Written at Coleorton. This old man's name was Mitchell. He was, in all his ways and conversation, a great curiosity, both individually and as a representative of past times. His chief employment was keeping watch at night by pacing round the house, at that time building, to keep off depredators. He has often told me gravely of having seen the Seven Whistlers and the Hounds as here described. Among the groves of Coleorton, where I became familiar with the habits and notions of old Mitchell, there was also a labourer of whom, I regret, I had no personal knowledge; for, more than forty years after, when he was become an old man, I learnt that while I was composing verses, which I usually did aloud, he took much pleasure, unknown to me, in following my steps that he might catch the words I uttered; and, what is not a little remarkable, several lines caught in this way kept their place in his memory. My volumes have lately been given to him by my informant, and surely he must have been gratified to meet in print his old acquaintances.
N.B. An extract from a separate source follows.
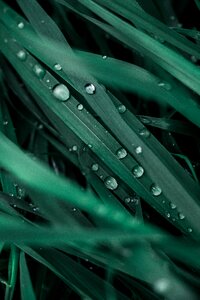 Drops green wet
THOUGH narrow be that old Man's cares, and near,
The poor old Man is greater than he seems:
For he hath waking empire, wide as dreams;
An ample sovereignty of eye and ear.
Rich are his walks with supernatural cheer;
The region of his inner spirit teems
With vital sounds and monitory gleams
Of high astonishment and pleasing fear.
He the seven birds hath seen, that never part,
Seen the SEVEN WHISTLERS in their nightly rounds,
And counted them: and oftentimes will start--
For overhead are sweeping GABRIEL'S HOUNDS
Doomed, with their impious Lord, the flying Hart
To chase for ever, on aerial grounds!